# The problem
Starting with the line below that holds "Lotes campestres EN" and stopping after the line that holds "8 Real Proper", transcribe the lines exactly, leaving out all pictures.

# Task inputs
※

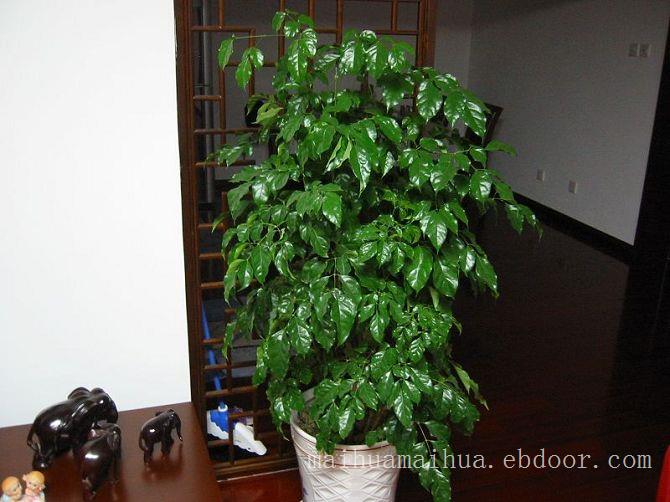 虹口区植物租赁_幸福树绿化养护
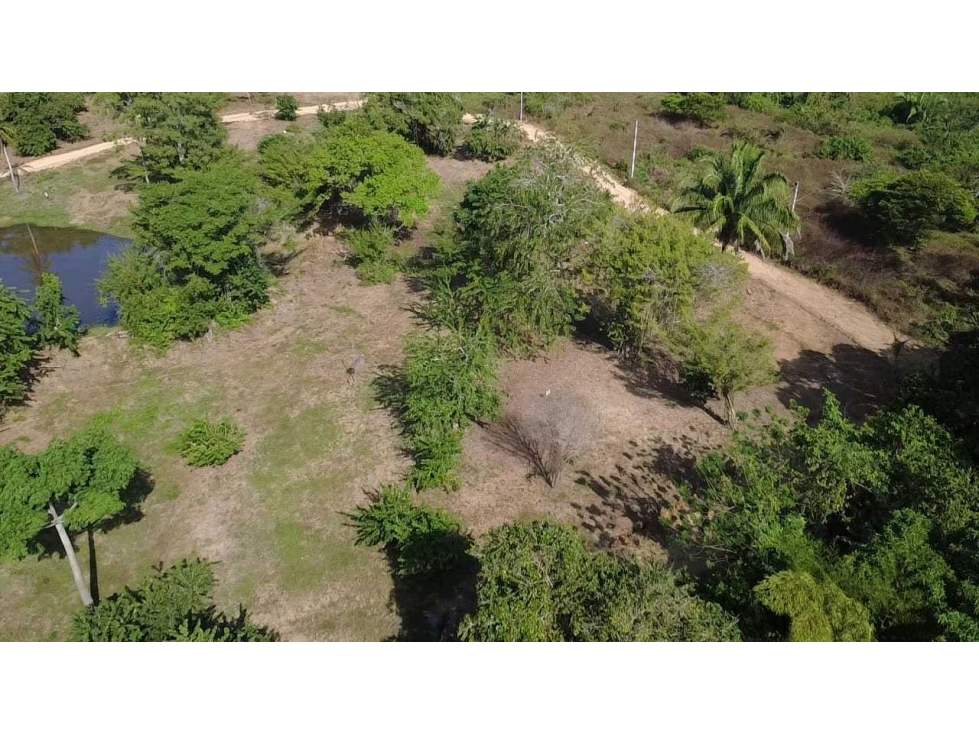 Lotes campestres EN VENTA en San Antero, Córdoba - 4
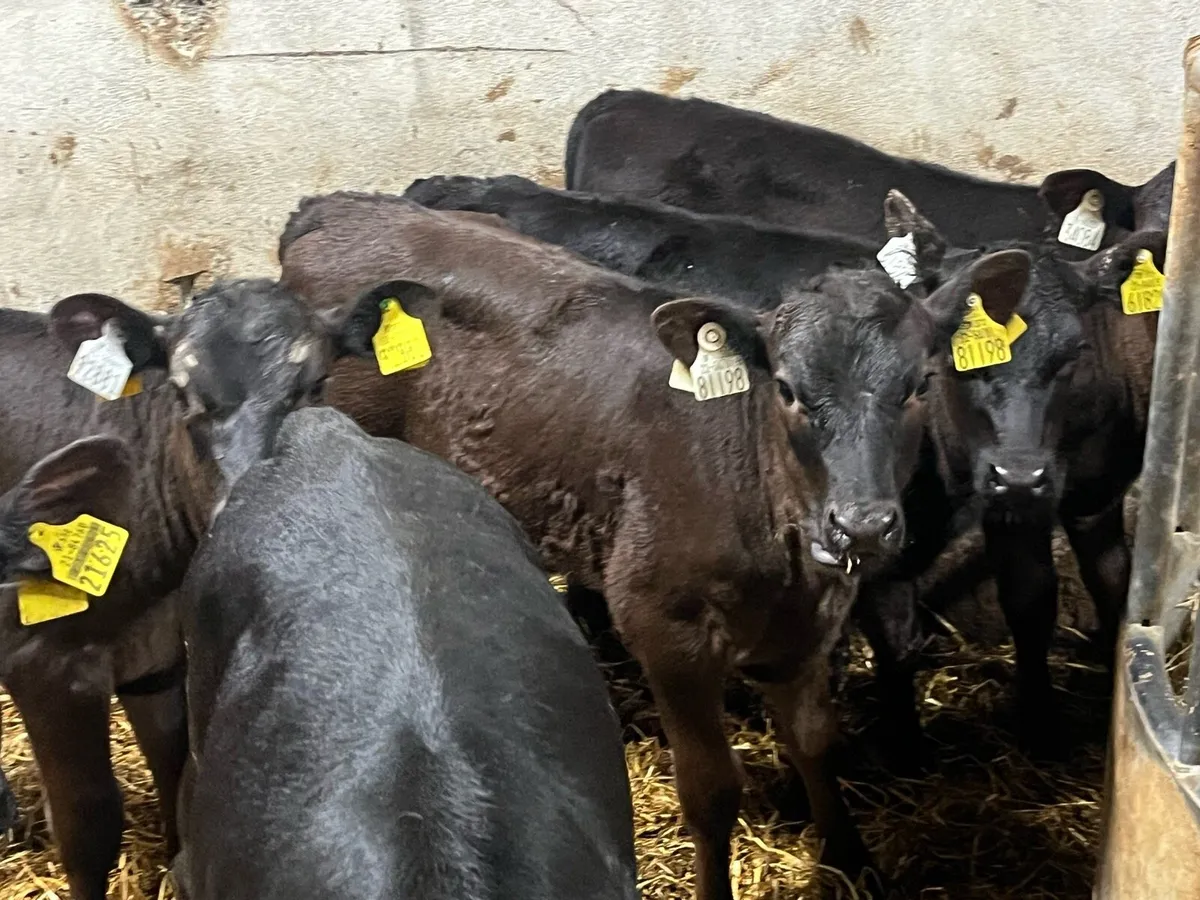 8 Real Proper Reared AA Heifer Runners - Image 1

※

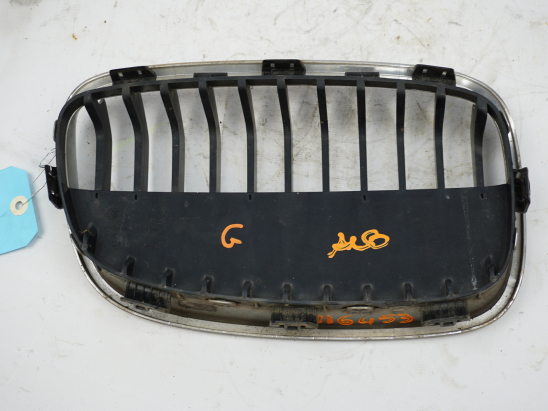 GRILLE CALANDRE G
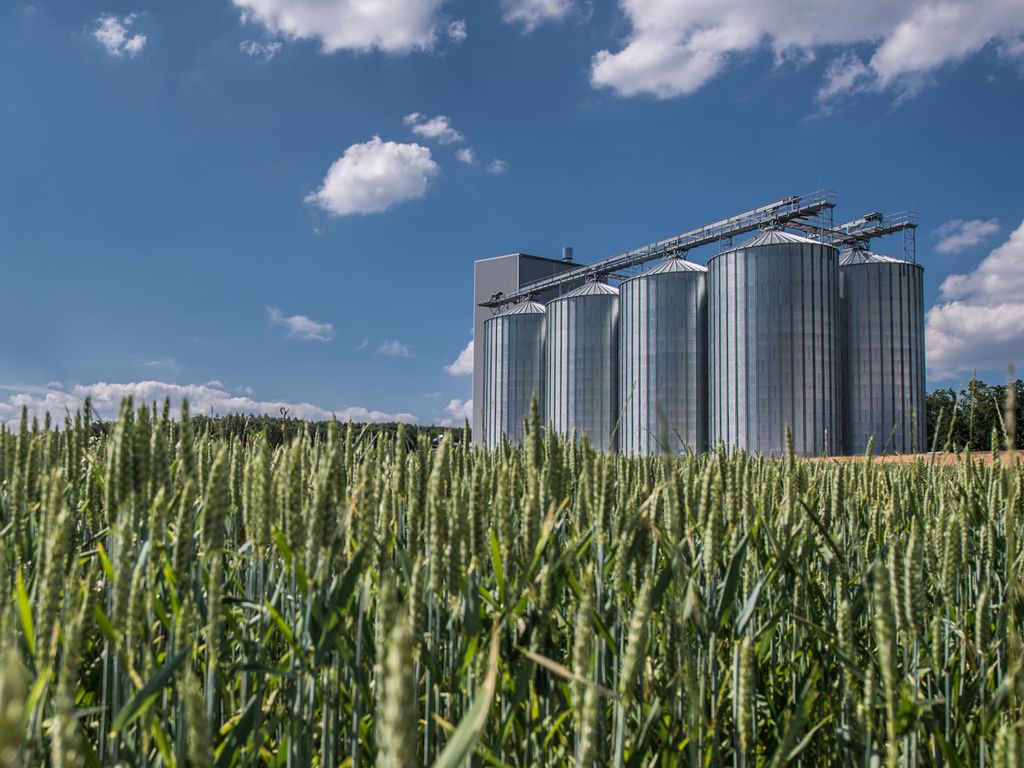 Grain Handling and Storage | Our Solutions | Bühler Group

※

# Response to this task
 Lotes campestres EN VENTA en San Antero, Córdoba - 4
 8 Real Proper Reared AA Heifer Runners - Image 1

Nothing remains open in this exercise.